◆ DESCRIPTION OF THE TASK
What lines below mention the word "Leather"? Copy each one.

◆ DATA FOR THIS TASK
● ● ●

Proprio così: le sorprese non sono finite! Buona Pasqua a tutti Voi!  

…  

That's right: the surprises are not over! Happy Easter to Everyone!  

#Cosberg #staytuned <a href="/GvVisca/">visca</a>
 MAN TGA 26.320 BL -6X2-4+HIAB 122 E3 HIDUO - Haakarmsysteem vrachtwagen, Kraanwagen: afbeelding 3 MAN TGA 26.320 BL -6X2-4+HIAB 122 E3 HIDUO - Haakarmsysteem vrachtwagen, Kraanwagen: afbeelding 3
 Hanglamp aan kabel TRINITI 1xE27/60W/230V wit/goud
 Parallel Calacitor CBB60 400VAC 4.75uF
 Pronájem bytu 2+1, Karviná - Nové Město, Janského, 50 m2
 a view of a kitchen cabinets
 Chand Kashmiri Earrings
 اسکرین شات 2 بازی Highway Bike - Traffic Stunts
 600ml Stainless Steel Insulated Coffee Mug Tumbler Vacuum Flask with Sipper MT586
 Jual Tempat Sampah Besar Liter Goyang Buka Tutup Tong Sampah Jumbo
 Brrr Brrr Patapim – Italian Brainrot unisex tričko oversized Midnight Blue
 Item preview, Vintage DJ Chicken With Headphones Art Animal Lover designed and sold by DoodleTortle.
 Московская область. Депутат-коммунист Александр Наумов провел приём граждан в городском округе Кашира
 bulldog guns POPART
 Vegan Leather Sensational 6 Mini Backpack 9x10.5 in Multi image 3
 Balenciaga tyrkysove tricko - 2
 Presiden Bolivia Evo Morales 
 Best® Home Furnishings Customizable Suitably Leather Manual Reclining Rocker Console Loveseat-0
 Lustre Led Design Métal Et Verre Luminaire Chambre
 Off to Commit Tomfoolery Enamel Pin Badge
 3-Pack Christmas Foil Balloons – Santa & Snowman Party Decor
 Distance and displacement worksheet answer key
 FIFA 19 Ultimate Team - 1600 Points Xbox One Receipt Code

● ● ●

◆ WRITTEN SOLUTION
 Vegan Leather Sensational 6 Mini Backpack 9x10.5 in Multi image 3
 Best® Home Furnishings Customizable Suitably Leather Manual Reclining Rocker Console Loveseat-0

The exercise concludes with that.